▸ **INSTRUCTIONS TO FOLLOW**: In the records below, find the line with "In this example, we'll", then copy each line exactly until you have copied the line with "Welcome to part". Leave any picture out.
┌──
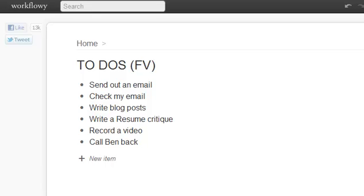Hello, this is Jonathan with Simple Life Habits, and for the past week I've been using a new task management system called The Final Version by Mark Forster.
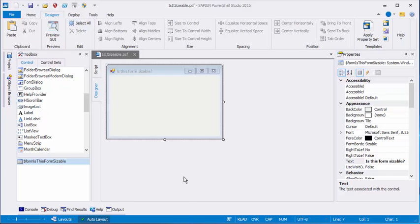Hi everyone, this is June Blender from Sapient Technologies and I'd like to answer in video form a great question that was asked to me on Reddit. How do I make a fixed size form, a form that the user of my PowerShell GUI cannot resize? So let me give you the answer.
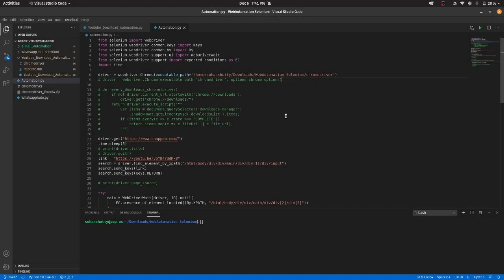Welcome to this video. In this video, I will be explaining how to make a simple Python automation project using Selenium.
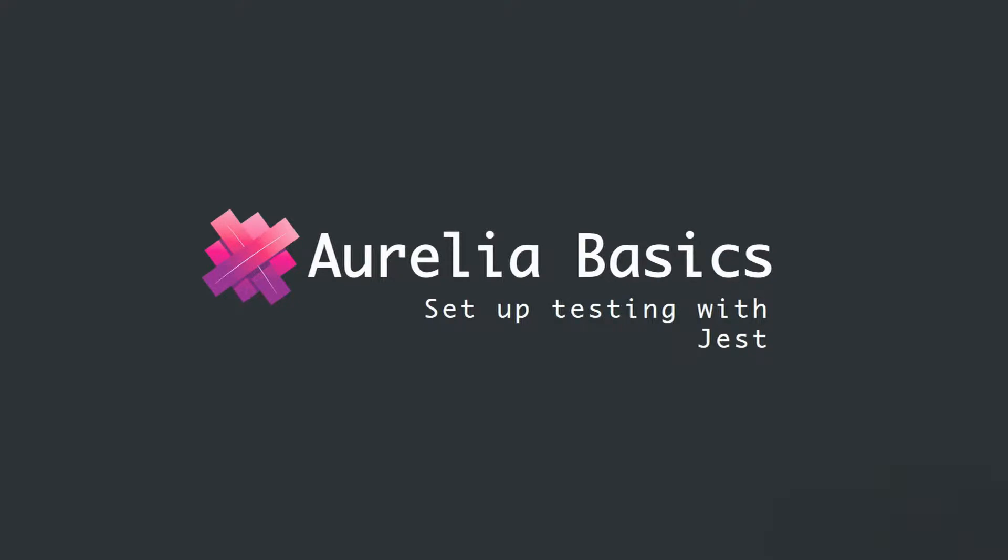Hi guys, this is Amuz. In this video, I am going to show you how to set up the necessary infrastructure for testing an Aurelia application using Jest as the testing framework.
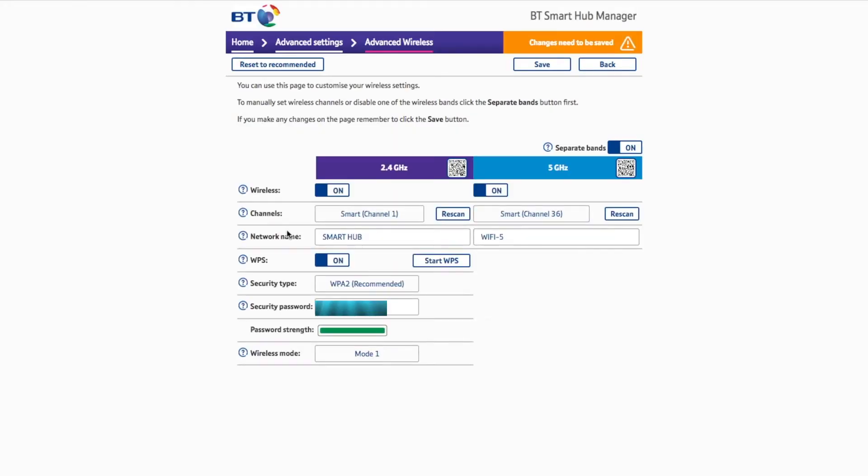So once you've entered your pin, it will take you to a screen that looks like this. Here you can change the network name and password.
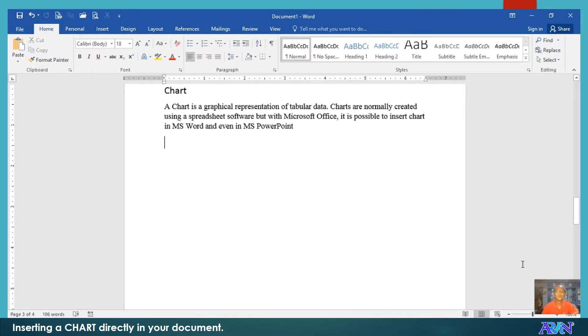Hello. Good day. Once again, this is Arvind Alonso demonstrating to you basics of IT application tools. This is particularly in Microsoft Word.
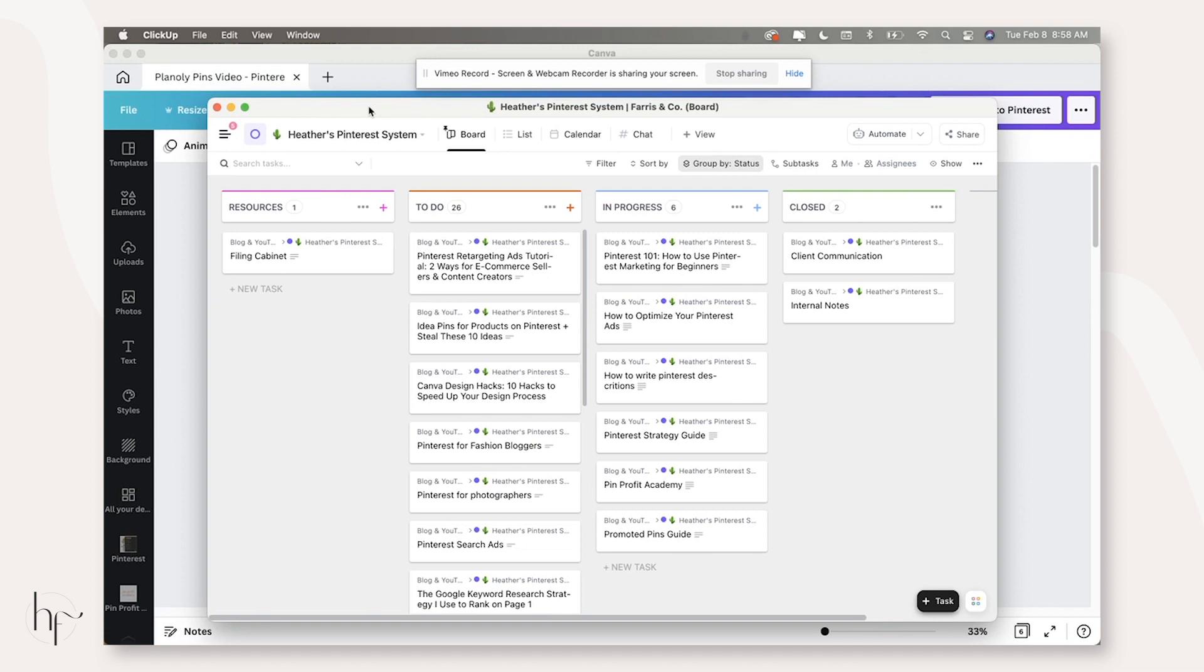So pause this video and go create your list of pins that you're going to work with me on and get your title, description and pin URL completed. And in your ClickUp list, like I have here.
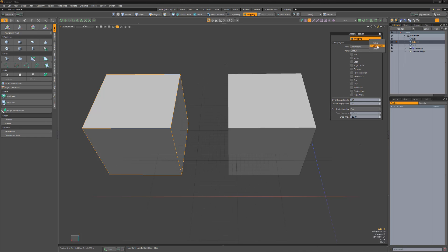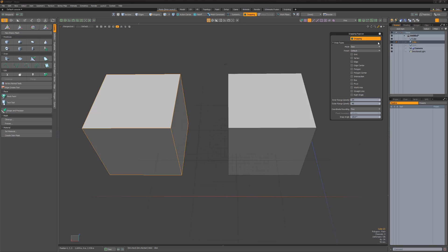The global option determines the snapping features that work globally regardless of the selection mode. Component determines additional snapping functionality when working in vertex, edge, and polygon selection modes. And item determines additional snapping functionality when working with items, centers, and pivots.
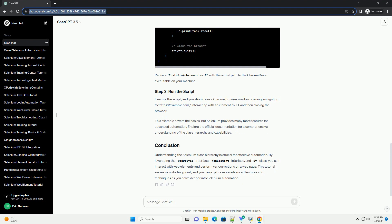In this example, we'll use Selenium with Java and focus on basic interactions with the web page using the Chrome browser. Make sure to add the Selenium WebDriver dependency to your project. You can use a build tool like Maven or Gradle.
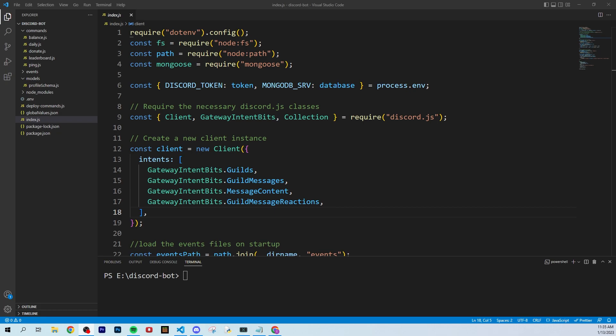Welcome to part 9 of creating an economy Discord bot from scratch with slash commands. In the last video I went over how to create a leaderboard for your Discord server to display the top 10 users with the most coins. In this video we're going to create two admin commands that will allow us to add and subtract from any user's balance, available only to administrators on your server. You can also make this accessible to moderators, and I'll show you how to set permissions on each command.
└──
┌──
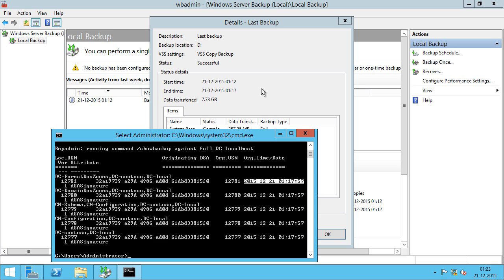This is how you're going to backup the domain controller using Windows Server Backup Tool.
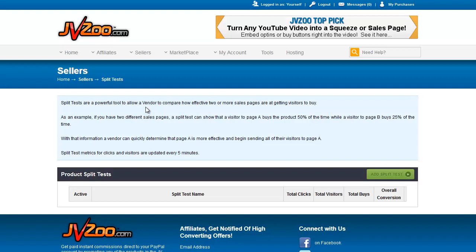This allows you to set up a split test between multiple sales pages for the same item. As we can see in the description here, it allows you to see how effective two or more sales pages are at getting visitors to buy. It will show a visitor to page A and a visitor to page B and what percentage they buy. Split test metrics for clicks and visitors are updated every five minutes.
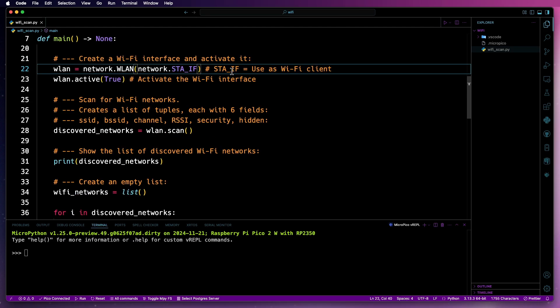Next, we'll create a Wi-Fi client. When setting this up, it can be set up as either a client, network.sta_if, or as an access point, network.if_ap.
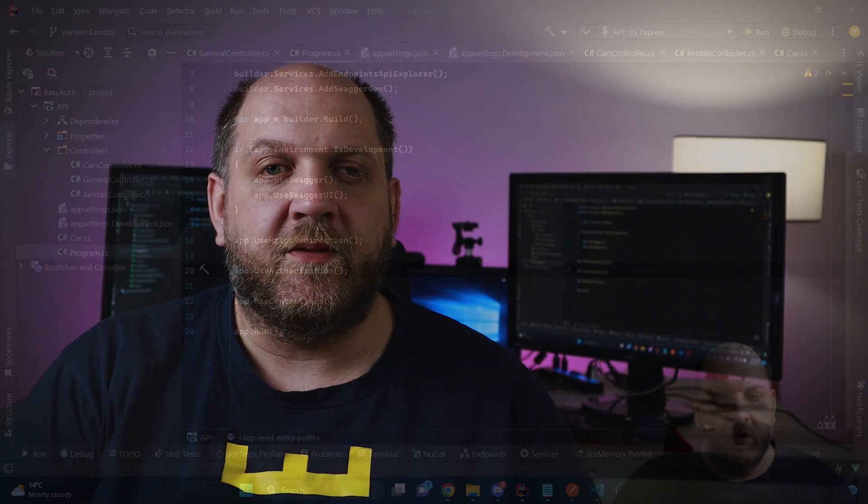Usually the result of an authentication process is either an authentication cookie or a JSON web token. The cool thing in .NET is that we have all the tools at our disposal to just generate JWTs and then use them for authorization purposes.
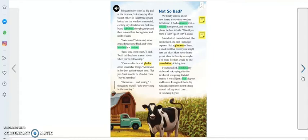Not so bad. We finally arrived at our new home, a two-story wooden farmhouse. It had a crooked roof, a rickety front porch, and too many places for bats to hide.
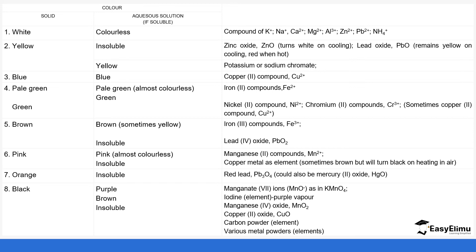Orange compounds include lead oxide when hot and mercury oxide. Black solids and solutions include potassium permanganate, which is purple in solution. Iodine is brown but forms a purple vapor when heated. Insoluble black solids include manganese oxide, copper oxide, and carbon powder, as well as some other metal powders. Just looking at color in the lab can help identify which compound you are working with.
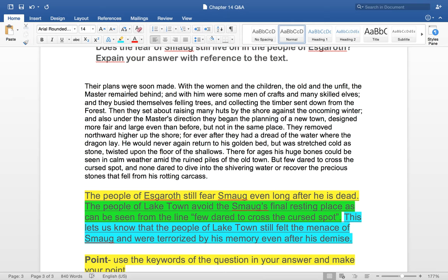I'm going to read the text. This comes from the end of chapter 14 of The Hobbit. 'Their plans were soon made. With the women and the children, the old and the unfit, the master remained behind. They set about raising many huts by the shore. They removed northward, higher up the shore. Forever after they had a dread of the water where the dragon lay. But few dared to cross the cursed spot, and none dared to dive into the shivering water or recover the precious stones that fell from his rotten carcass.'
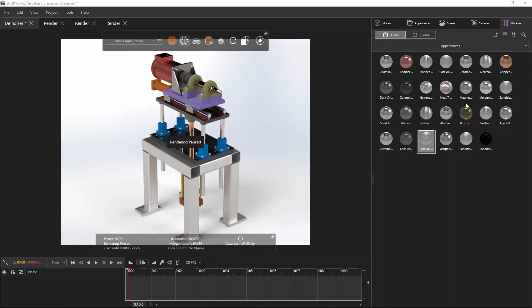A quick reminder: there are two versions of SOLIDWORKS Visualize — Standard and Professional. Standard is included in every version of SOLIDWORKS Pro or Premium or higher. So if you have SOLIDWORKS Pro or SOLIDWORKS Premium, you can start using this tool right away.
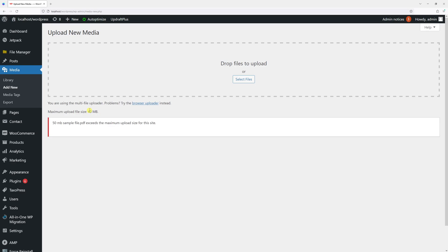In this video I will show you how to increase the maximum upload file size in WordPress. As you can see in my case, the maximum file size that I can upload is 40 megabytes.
└──
┌──
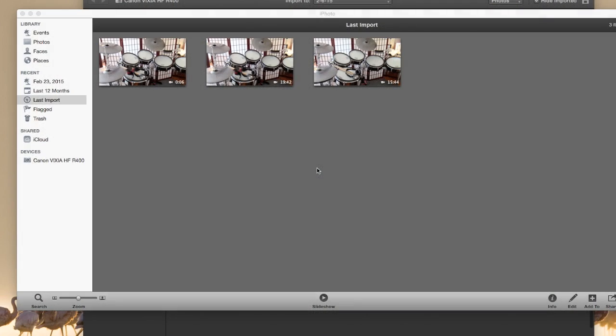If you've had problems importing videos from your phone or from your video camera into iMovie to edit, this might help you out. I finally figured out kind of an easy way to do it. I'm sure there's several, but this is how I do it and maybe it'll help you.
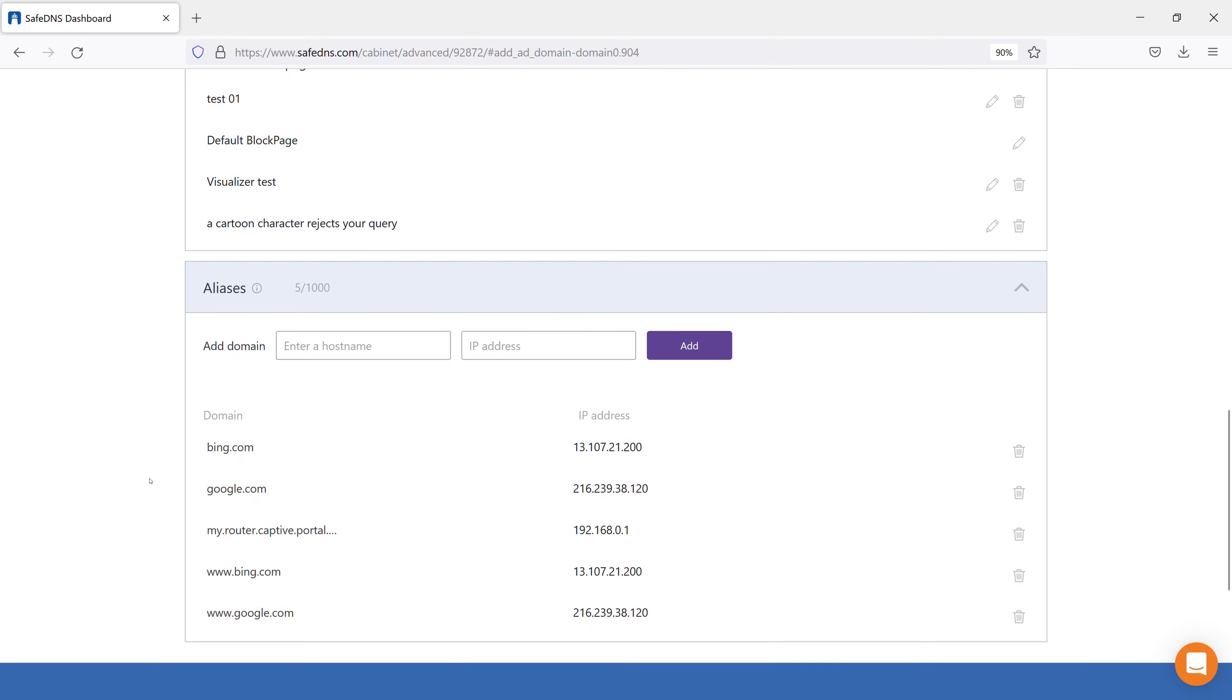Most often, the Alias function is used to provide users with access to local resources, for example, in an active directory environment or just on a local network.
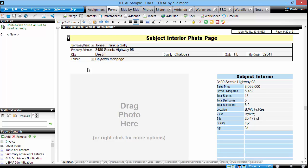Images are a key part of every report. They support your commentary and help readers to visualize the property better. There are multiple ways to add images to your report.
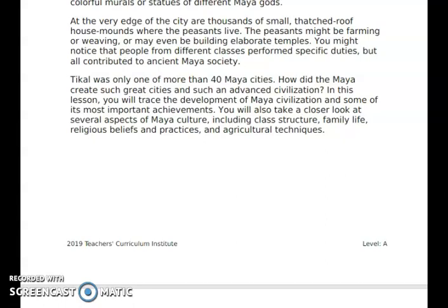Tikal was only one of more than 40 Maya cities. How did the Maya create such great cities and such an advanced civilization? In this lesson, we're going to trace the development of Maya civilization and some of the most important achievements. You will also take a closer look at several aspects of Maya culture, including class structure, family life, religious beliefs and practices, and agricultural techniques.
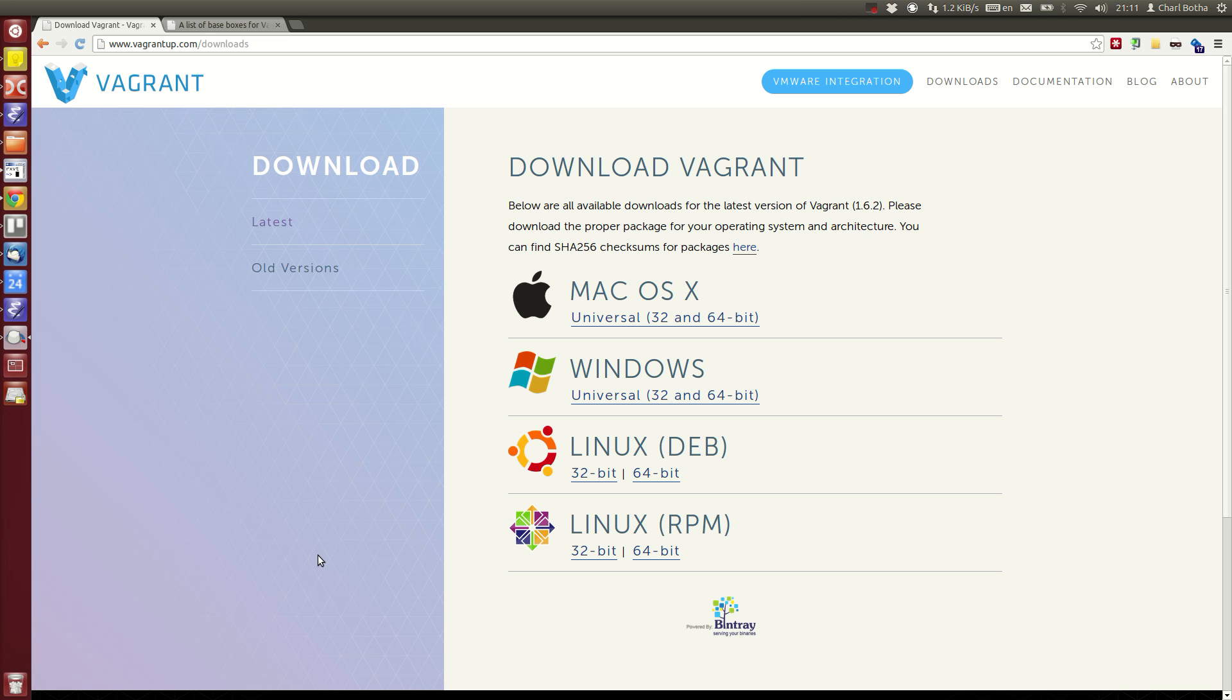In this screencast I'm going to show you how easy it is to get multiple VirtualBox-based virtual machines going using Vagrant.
└──
▸ **OUTPUT FOR THIS TASK**:
In this example, we'll use Selenium with Java and focus on basic interactions with the web page using the Chrome browser. Make sure to add the Selenium WebDriver dependency to your project. You can use a build tool like Maven or Gradle.
Welcome to part 9 of creating an economy Discord bot from scratch with slash commands. In the last video I went over how to create a leaderboard for your Discord server to display the top 10 users with the most coins. In this video we're going to create two admin commands that will allow us to add and subtract from any user's balance, available only to administrators on your server. You can also make this accessible to moderators, and I'll show you how to set permissions on each command.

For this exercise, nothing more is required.